In 2017 we celebrate the 500th anniversary of the Reformation. It taught us that we do not need any mediator between God and man. Martin Luther translated the Bible into German, so that every Christian could read the Bible on its own – provided he/she could read. Other Reformers in other countries translated the Bible into many different languages.
But of course you had to be able to read and to be able to understand the text of the Bible. In the 16th century this was only the case for very few people, so the reformers started to install a system of public education.
While public libraries already existed throughout the Roman empire, after its decline it took centuries for new public libraries to be founded. There are quite a few disputes on the question which is the oldest public library in Europe after the fall of the Roman empire. One pretty prospective candidate is the “Bibliotheca Publica” in Augsburg.

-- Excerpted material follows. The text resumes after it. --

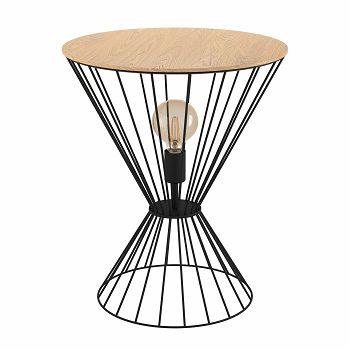 99794 STOL SA OSVJETLJENJEM/1,E27,CRNA/BOJA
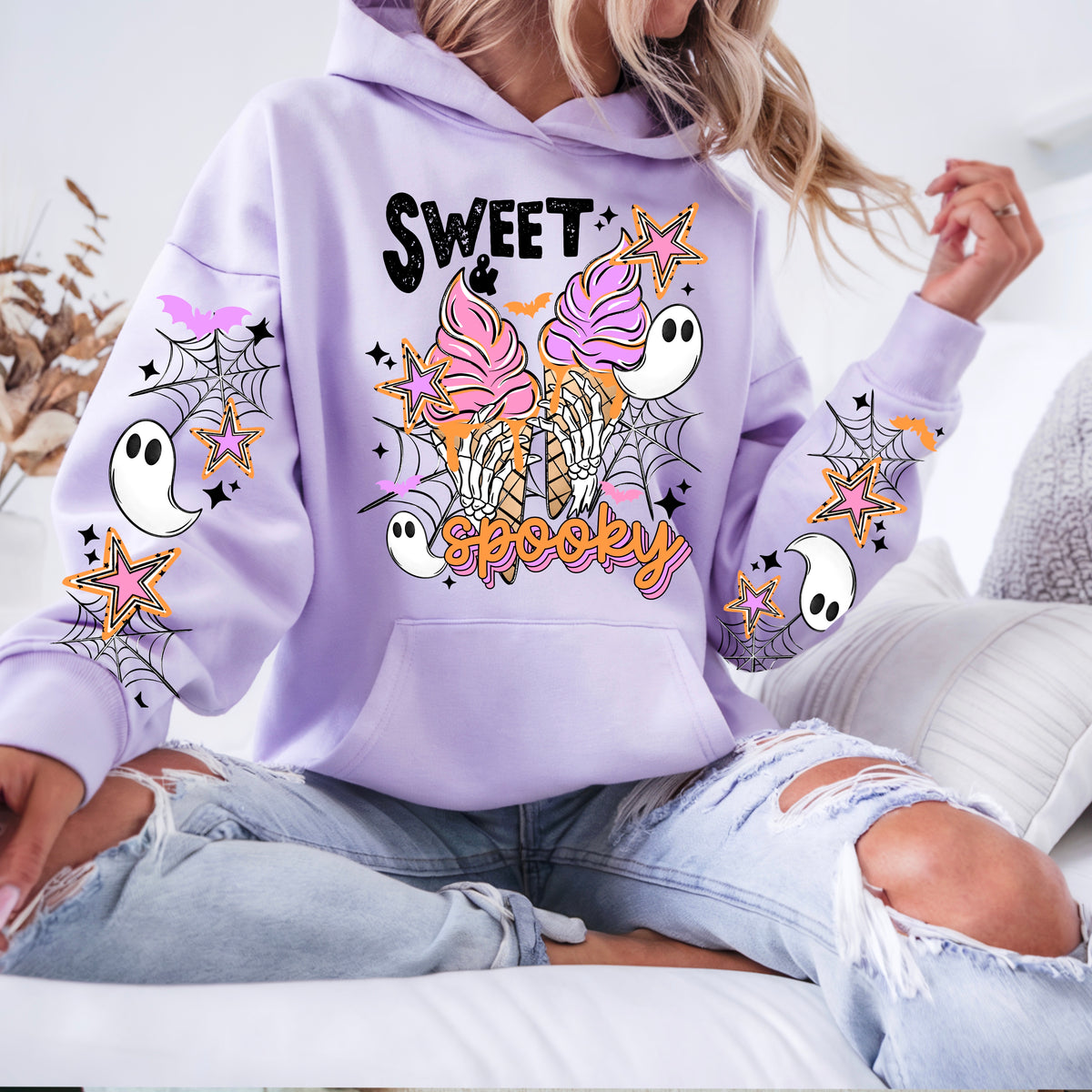 Sweet spooky ice cream (FRONT ONLY) BLACK (CSC) DTF Transfer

Augsburg was a centre of the Reformation and in 1537 the headmaster of the high school “Gymnasium bei St. Anna” was assigned by the council of the City to collect all the books from the empty minorite monasteries. This was the starting point of a public library that was newly constructed in the court of St. Anna church and opened in 1563. In the 19th century the expanding “Gymnasium bei St. Anna” needed more space, so a new and more spacious library was built which opened in 1893.
In 2005 a podium was built with the inscription “Bibliotheca Publica” in large glass letters next to the location where the old library was replaced by a new school building (the yellow building in the picture).
But the court of St. Anna church is also famous for some other reason: It is part of the former monastery of the Carmelite monks in Augsburg, where Martin Luther stayed in 1518 when he met the papal legate Cardinal Thomas Cajetan.